Problem requirements ::
Could you retype exactly the lines below between the one holding "Я никогда не" and the one holding "恩比德常规赛得分篮板数据领跑NBA中锋位置", inclusive, leaving out any pictures?

Data under study ::
┌──
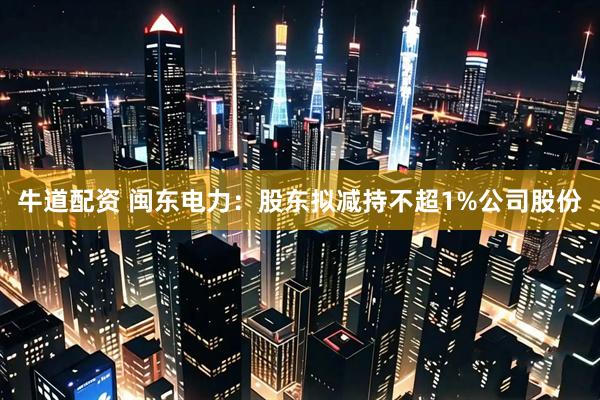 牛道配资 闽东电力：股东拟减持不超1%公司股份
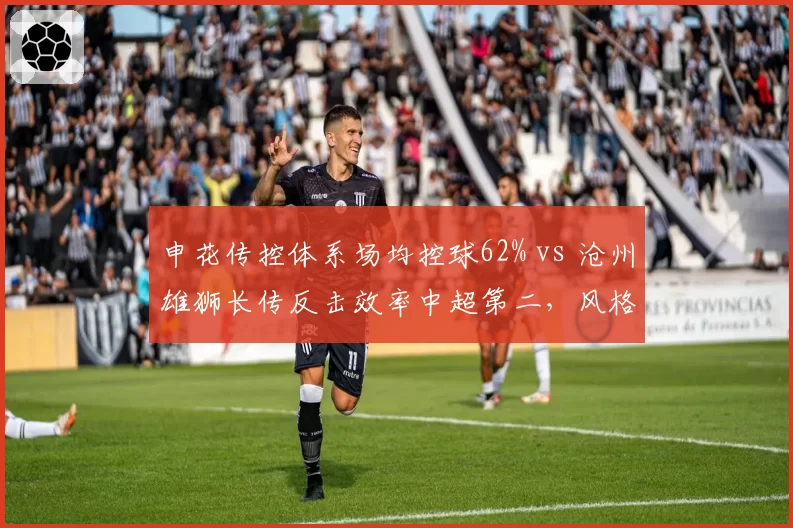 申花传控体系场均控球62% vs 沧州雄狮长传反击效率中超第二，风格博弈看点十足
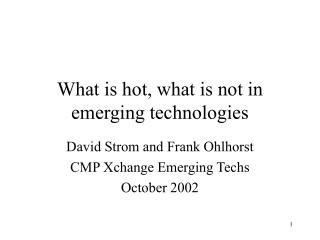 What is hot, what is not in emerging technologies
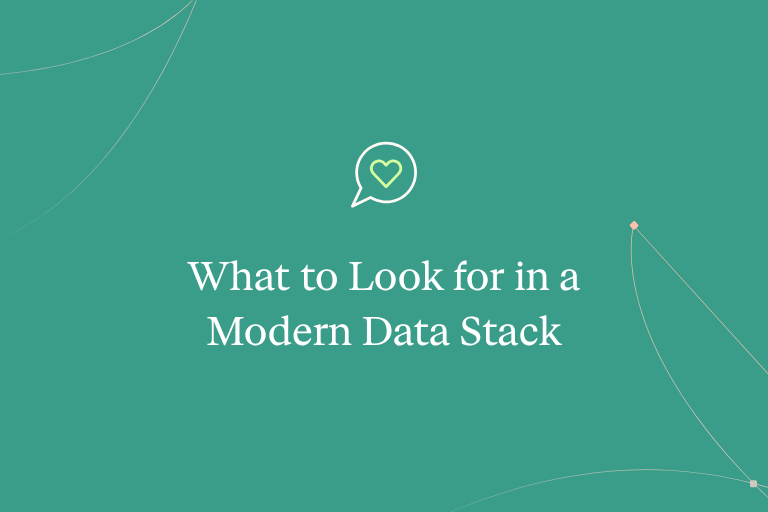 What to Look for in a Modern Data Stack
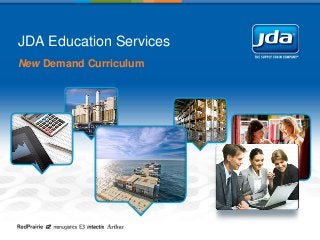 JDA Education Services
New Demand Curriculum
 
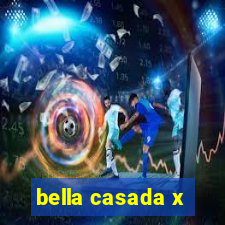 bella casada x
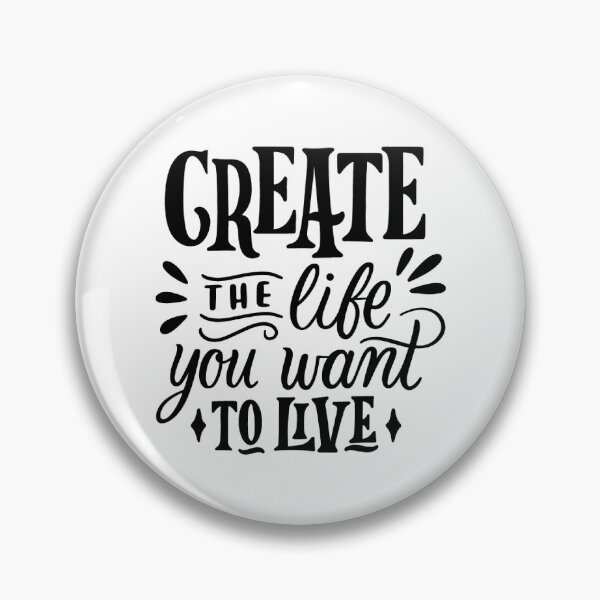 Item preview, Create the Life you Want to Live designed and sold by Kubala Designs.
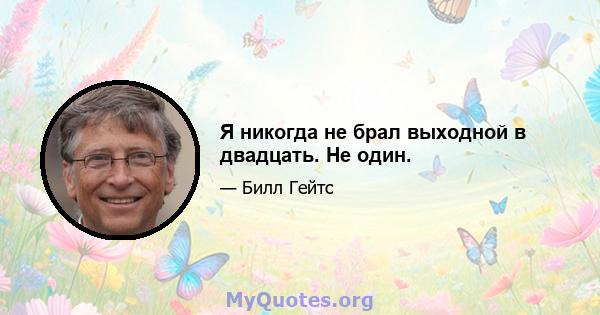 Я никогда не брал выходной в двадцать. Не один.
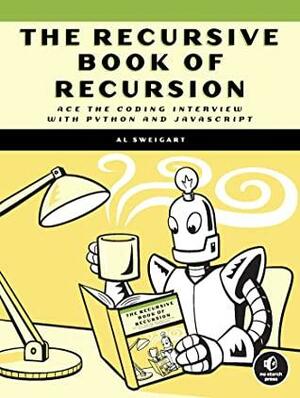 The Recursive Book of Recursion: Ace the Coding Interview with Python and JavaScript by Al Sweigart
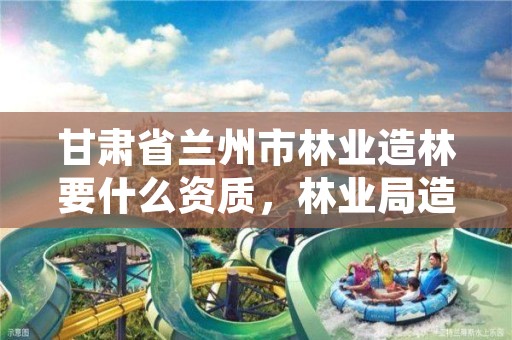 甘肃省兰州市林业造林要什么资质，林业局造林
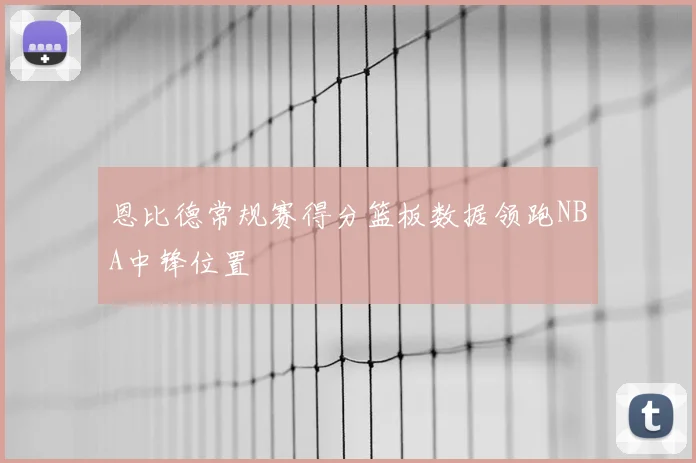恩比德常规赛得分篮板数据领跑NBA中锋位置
└──
┌──
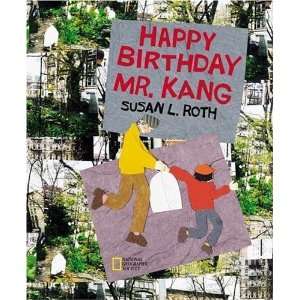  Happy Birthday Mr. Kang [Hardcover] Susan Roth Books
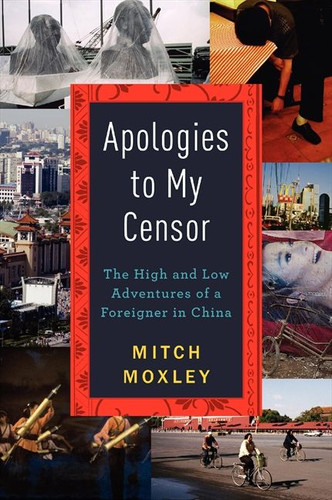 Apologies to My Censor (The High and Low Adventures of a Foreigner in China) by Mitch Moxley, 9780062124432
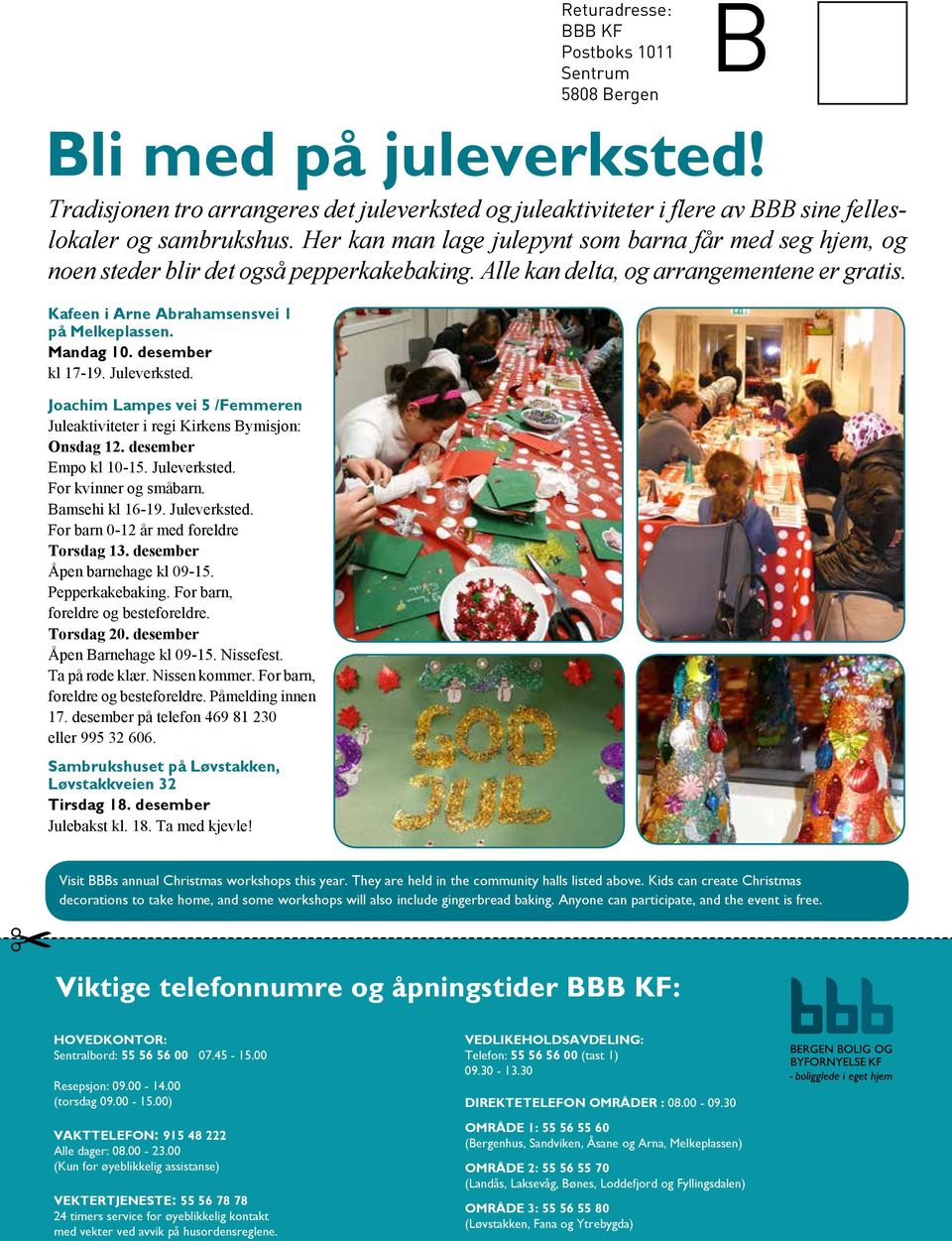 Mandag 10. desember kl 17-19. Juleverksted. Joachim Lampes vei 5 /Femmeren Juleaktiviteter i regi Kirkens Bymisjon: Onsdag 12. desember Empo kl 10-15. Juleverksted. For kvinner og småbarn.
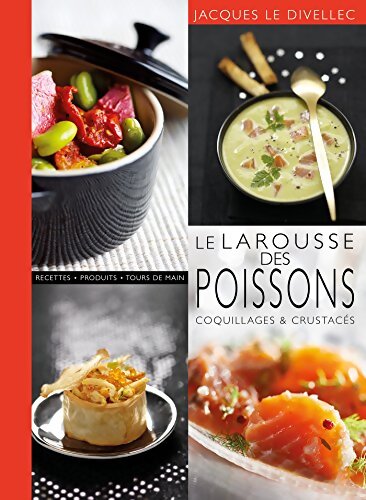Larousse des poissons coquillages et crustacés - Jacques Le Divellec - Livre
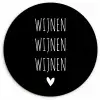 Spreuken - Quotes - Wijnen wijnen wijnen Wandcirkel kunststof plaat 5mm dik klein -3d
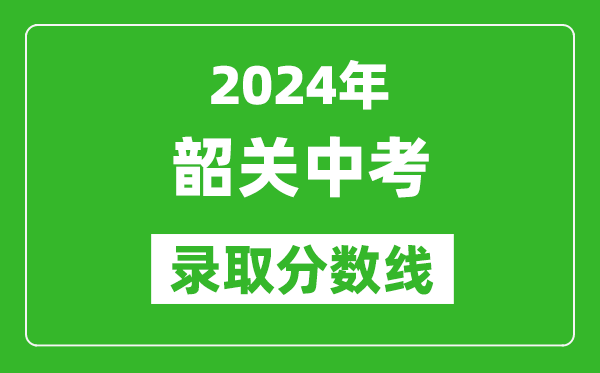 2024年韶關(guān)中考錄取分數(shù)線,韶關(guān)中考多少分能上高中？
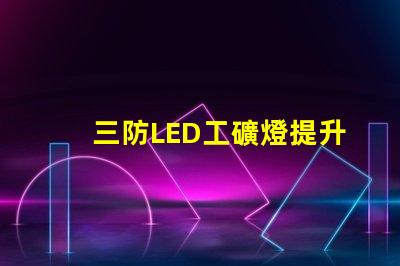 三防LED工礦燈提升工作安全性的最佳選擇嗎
└──
┌──
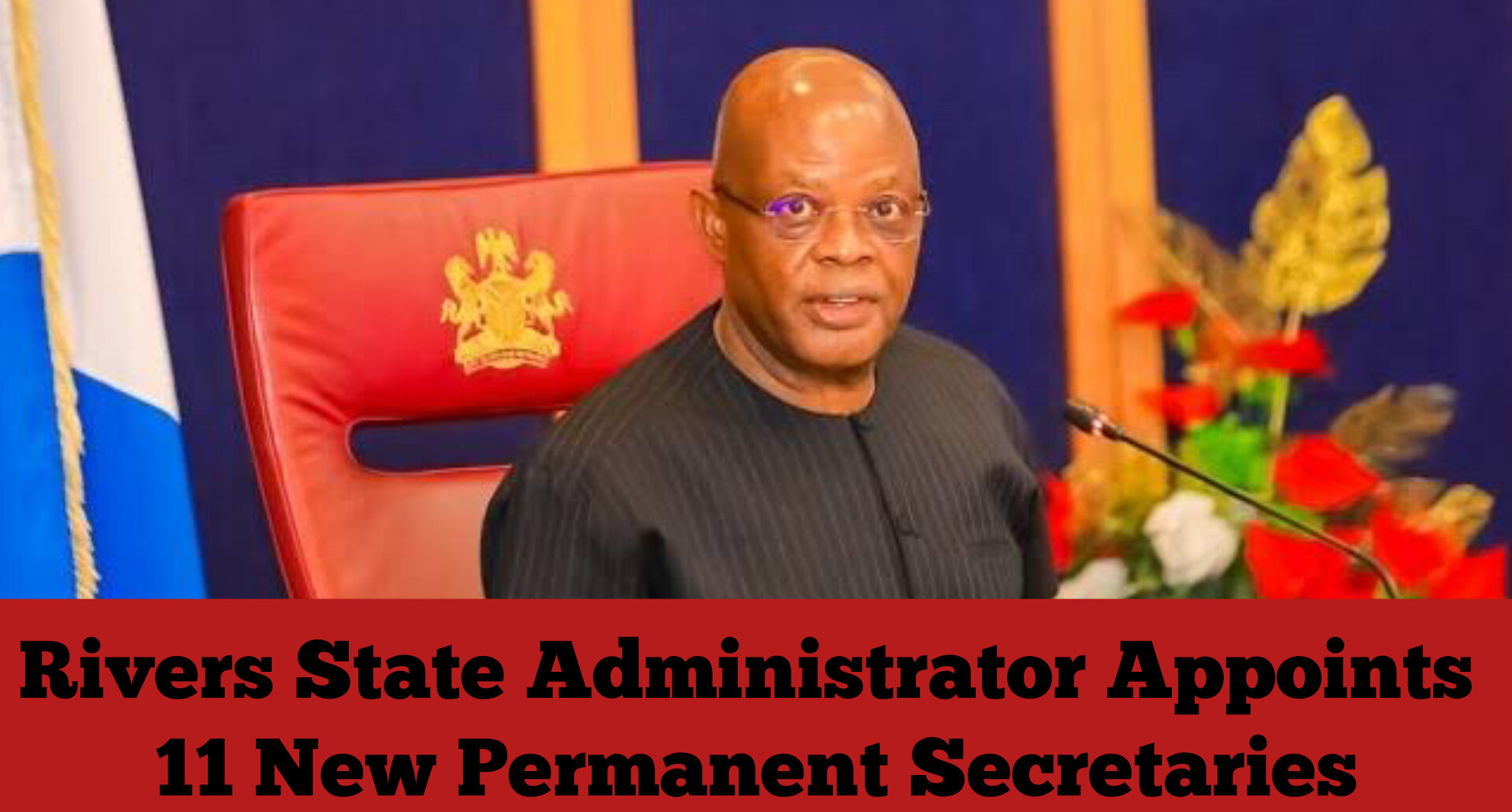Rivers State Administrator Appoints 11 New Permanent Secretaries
└──
Result of the task ::
 Я никогда не брал выходной в двадцать. Не один.
 The Recursive Book of Recursion: Ace the Coding Interview with Python and JavaScript by Al Sweigart
 甘肃省兰州市林业造林要什么资质，林业局造林
恩比德常规赛得分篮板数据领跑NBA中锋位置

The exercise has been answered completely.